As Kevin mentioned above my experinece over time is that all plastic shrinks or cracks. For this reason I would be against using more pastic filler than absolutely necessary. I find it is eaier to strip to the metal. The cost is small and you know what you are starting with.

If a panel needs too much work just replace it. There is plenty of 928 sheet metal around at very resonable prices. Of course, if it is the body itself then the car is either a parts car or some metal work has to be done.

Body men are in a hurry. Many are on commision. They use filler to save time. Taking a little extra time can save greatly on filler. LIke I said with aluminum it is best just to replace, but the steel on the body can be worked with some heat and time to the point of needing very little filler.

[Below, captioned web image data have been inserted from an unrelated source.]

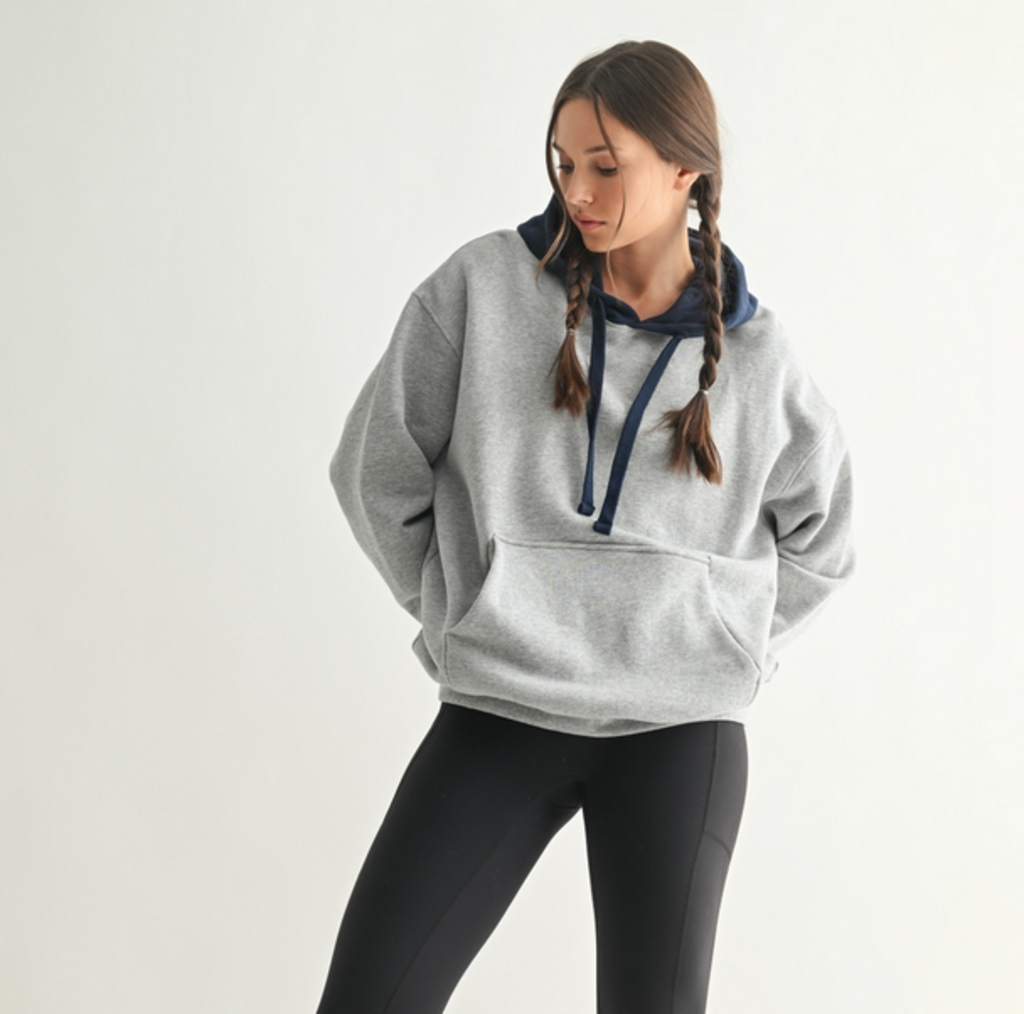 Dualtone Fleece Hoodie - LARGE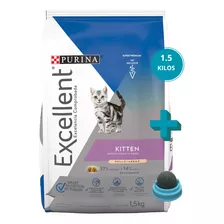 Croquetas Purina Excellent Kitten Gatito 1.5 Kg + Regalo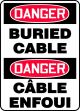 DANGER BURIED CABLE (BILINGUAL FRENCH)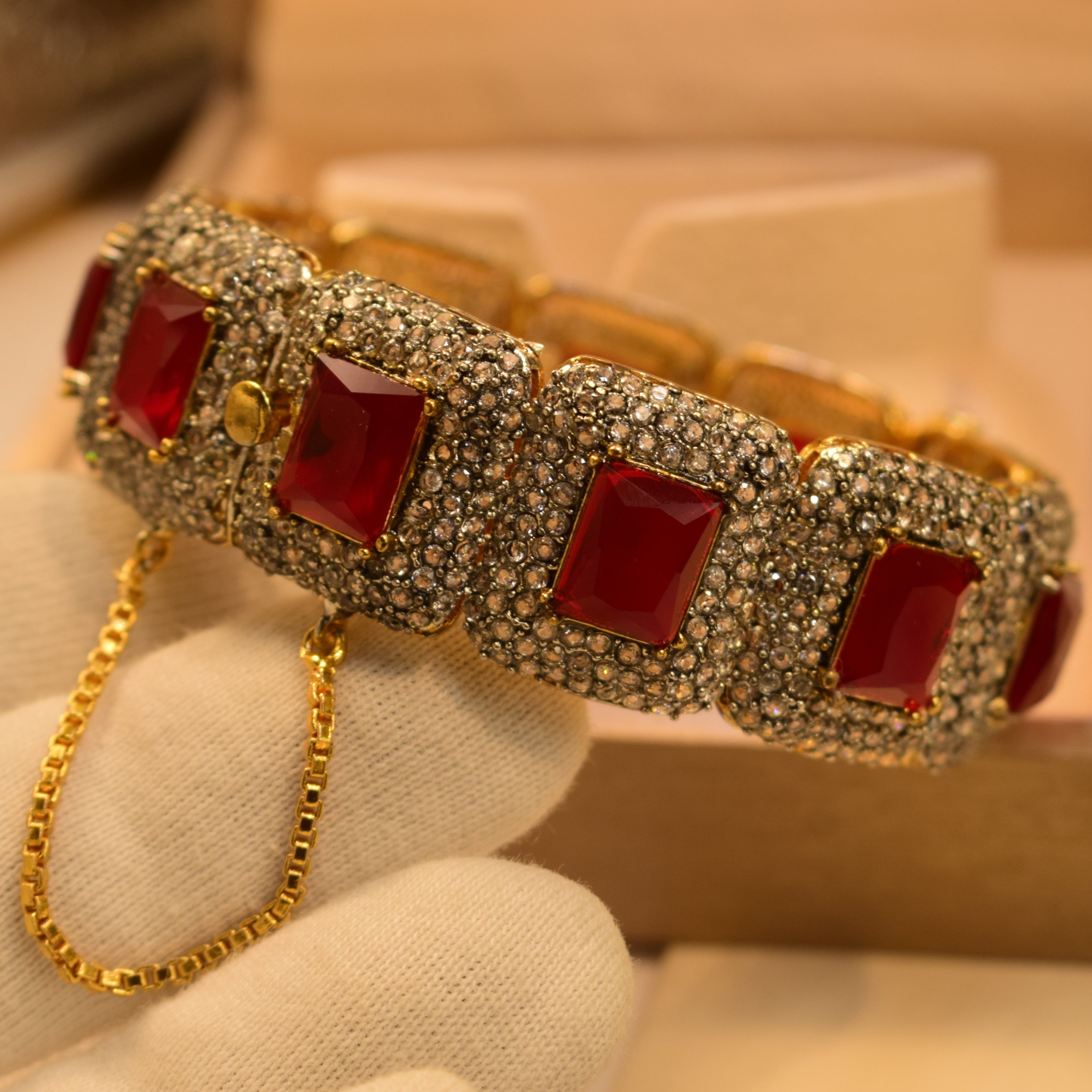 Beautiful Real Stone Bangle for Girls/Women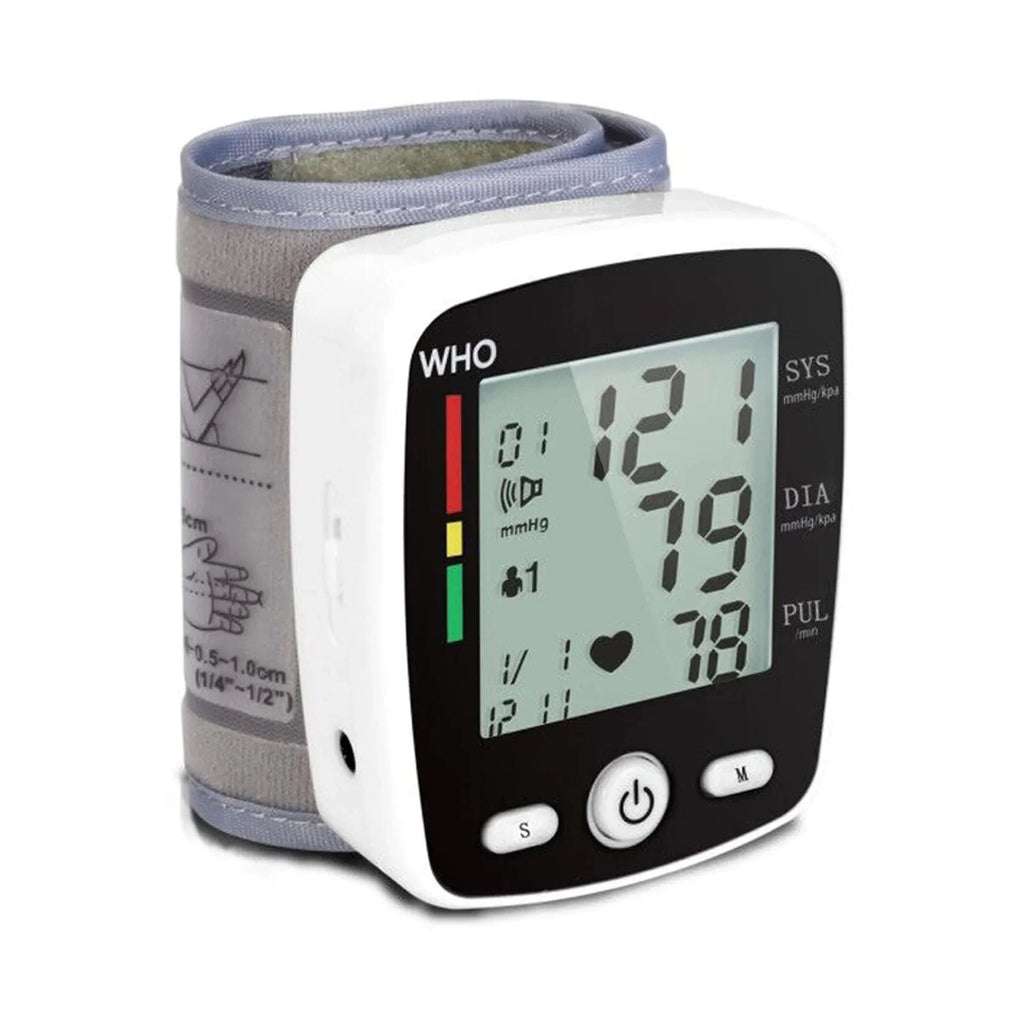 TAKROL rechargeable wrist blood pressure monitor by SHOWLU FASHION STORE with digital LCD display and memory function.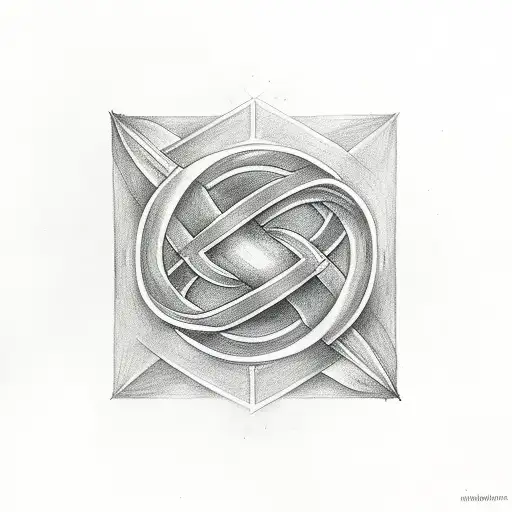 Black And Grey Infinity Symbol 22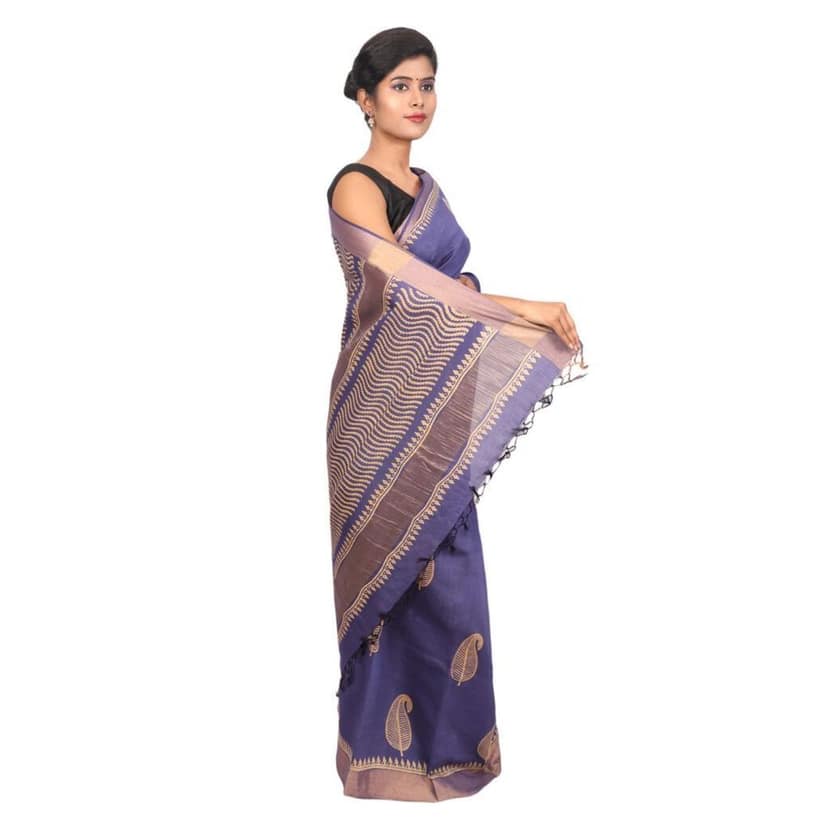 HANDLOOM KOSA SAREE WITH BLOUSE (SKU - 1ST110121120 SAREE- 181) view 3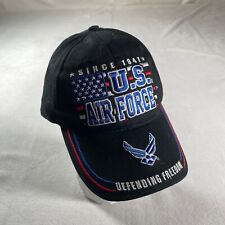 Sombrero de pasaje aéreo de EE. UU. para hombre negro ajustable defendiendo la libertad desde 1947 gorra militar segunda mano  Embacar hacia Argentina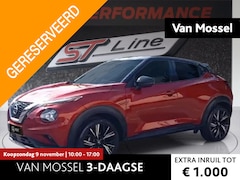 Nissan Juke - 1.0 DIG-T N-Design | NAVIGATIE | CAMERA VOOR | TREKHAAK | LEDER | STOEL + VOORR. VERWARMIN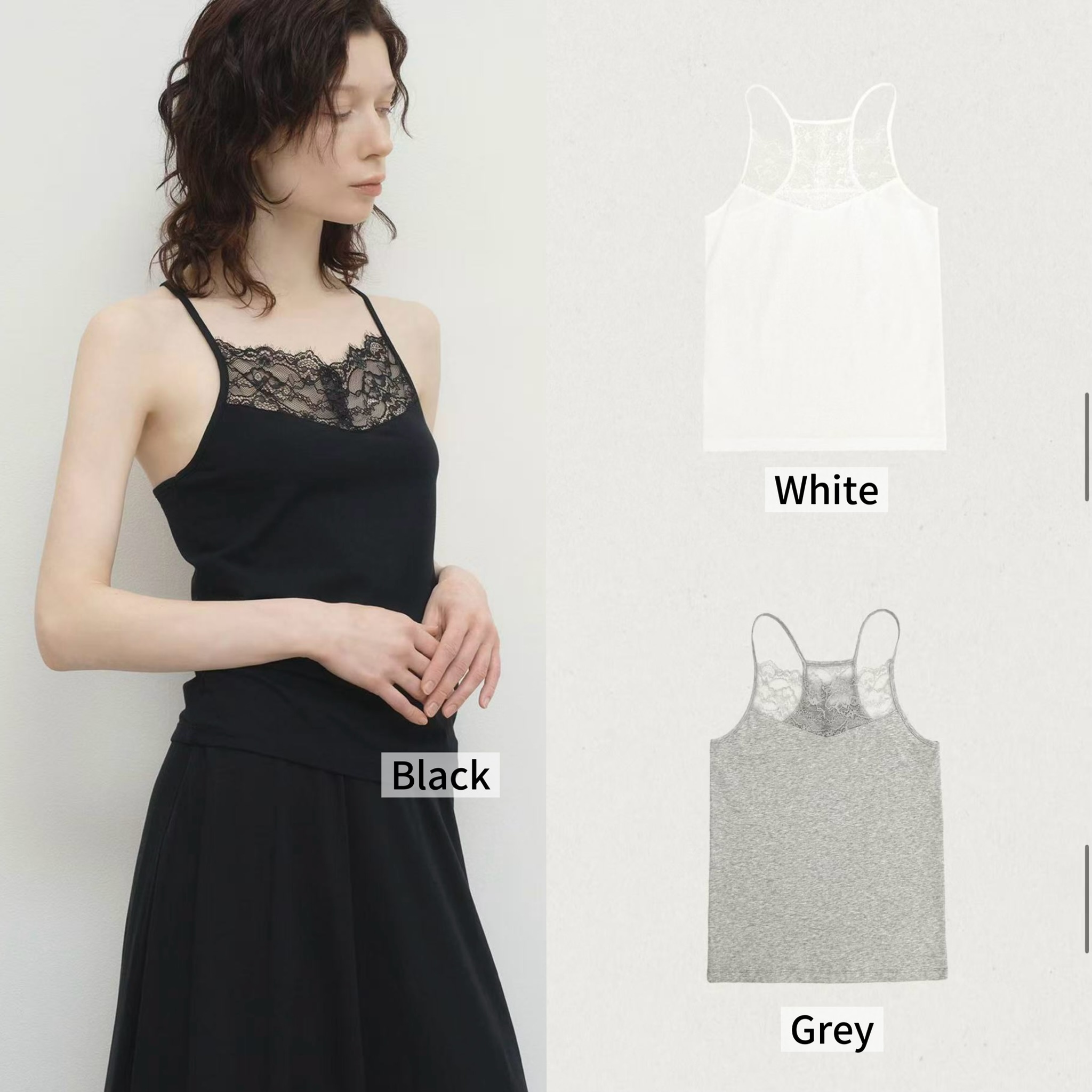 WW33 / LACE CUT IN TOP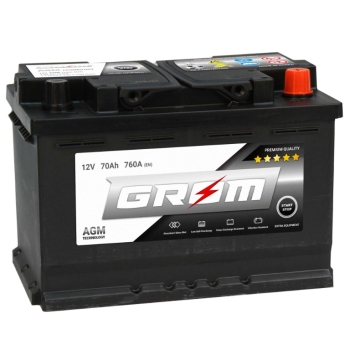 Ogłoszenie - Akumulator GROM AGM START&STOP 70Ah 760A Prawy Plus
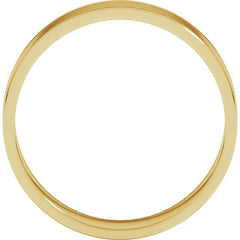 10K Yellow Gold 5 mm Ultra-Lightweight Flat Band Size 6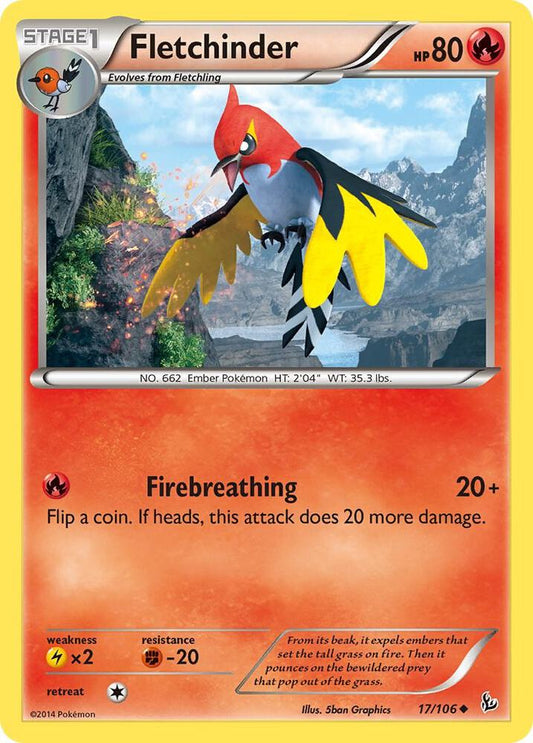 Pokemon Fletchinder 17/106 Flashfire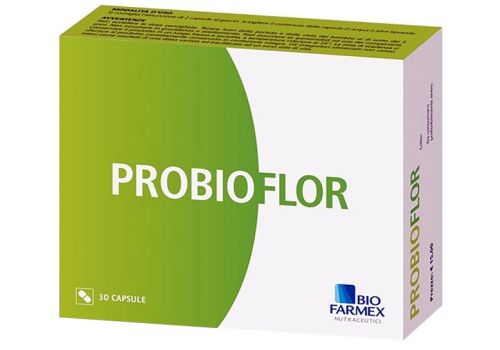 Probioflor integratore per l'equilibrio della flora batterica intestinale 30 capsule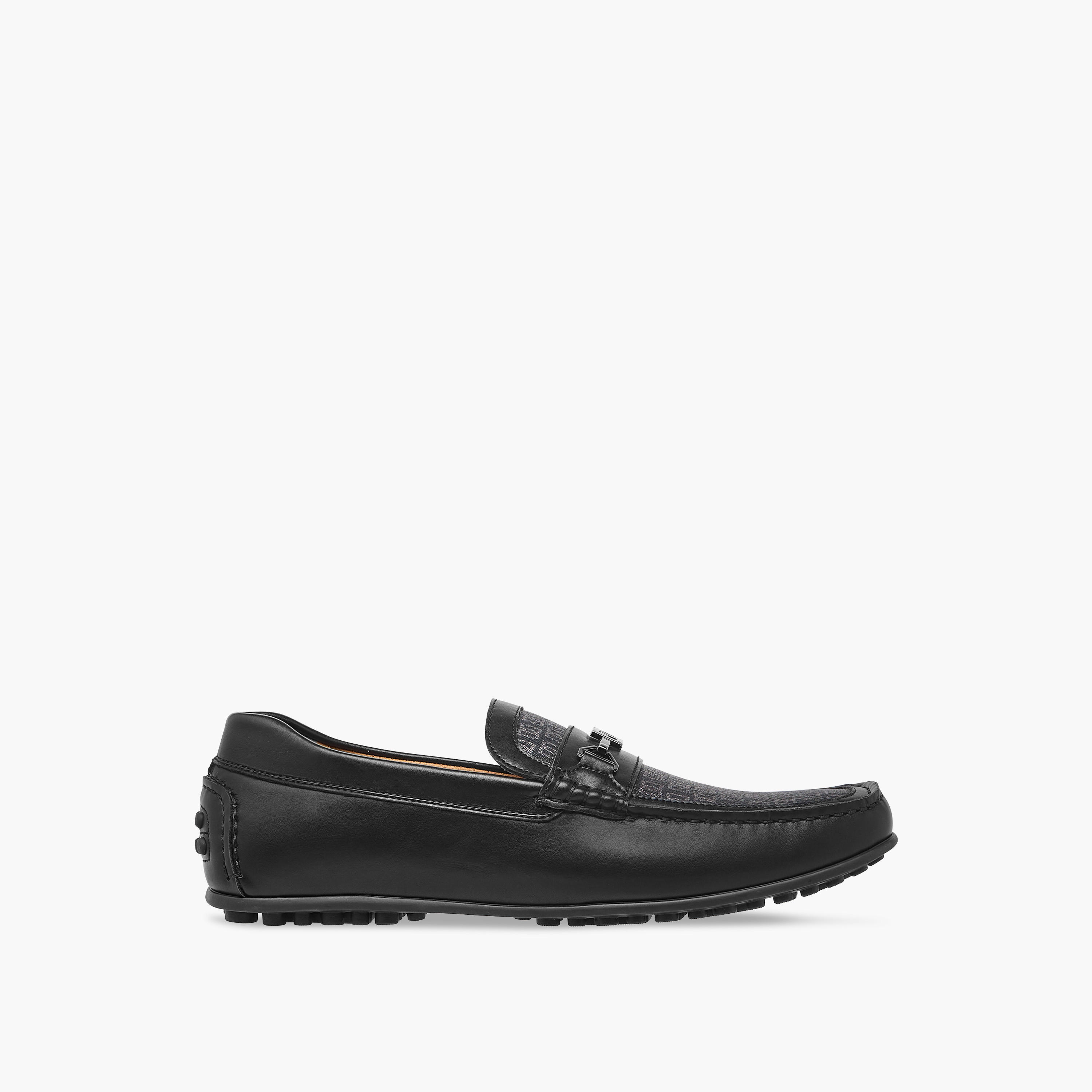 Duchini Men's Monogram Print Slip-On Moccasins-men-shoes-loafersandmoccasins-image-2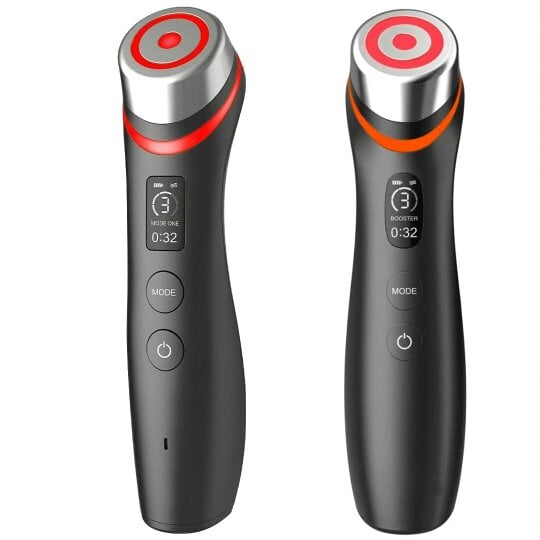 Havendro LED Anti Ageing Pen Therapy Age-R Booster 6-in-1 Care Skin Rejuvenation Device - black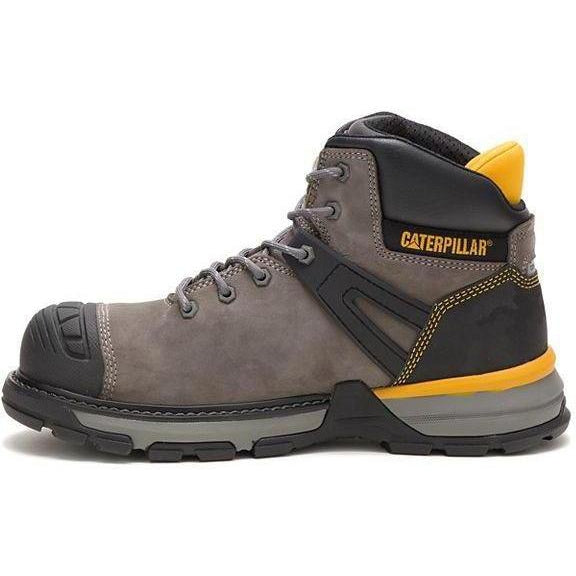 CAT Men's Excavator Superlite Nano Toe WP Work Boot - Pewter - P91197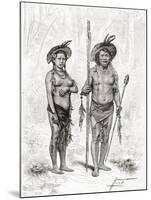 Native Indians from Rio Branco, South America-null-Mounted Giclee Print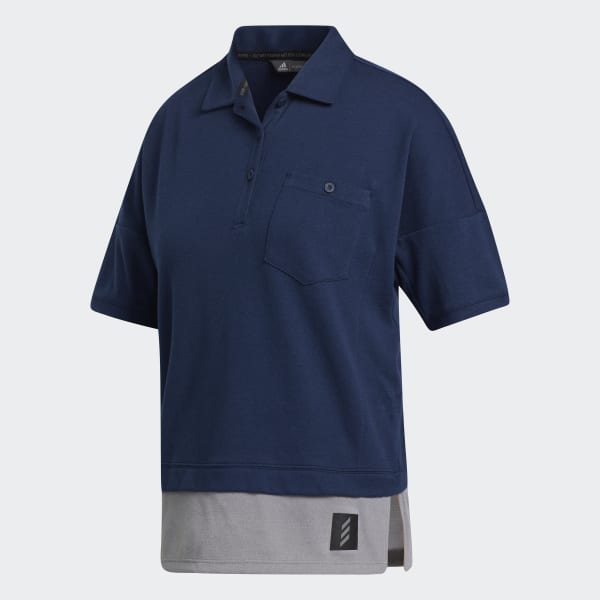 Blue Adicross Polo Shirt
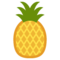 Pineapple emoji on HTC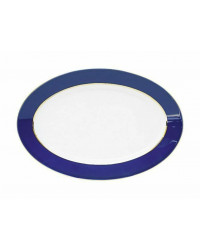 LOMONOSOV IMPERIAL PORCELAIN SERVING PLATTER OVAL CLASSIC OF PETERSBURG 40 Cm 15.7"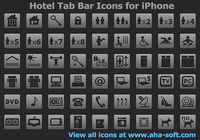 Hotel Tab Bar Icons for iPhone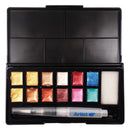 Boîte Peinture aquarelle fine couleurs métalliques x12 1/2 godets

I am currently a big fan of the DTM epoxy primer / sealer. This stuff is new to me so I am happy to use it and save a few steps and some time. In the past the biggest problem with body work was paint reactions and sand scratches from the body work working thier way up through the paint. The DTM sealer solves much of this problem.

So I am mostly starting with stripping, metal work, plastic filler and DTM. From there I use very little putty - I like the 3M stuff in a tube and not the two part stuff. The 3M blocks quickly. I can knock it down and then load some primer on the body work transitions to block out.

At that point I am ready with the color. So in reality there is very little under the color. Primer blocks over putty very nicely and while applied thick ends up thin.

After my first color coat I start in again with the blocking and primer to get a completely flat surface. The color highlights any ripples acting sort of like a guide coat. At that point I am finishing in 600 and have a good surface to finish the color and if necessary a clear coat.

Material is expensive. I see many people in the business wasting materials and making more work. The less material that can be applied the less time it takes to get a panel finished. Power tools are seductive, but in most cases they do not improve the job or make it go much quicker. Of course there is nothing like an air board to get a completly flat panel or a DA to knock down some heavy orange peal.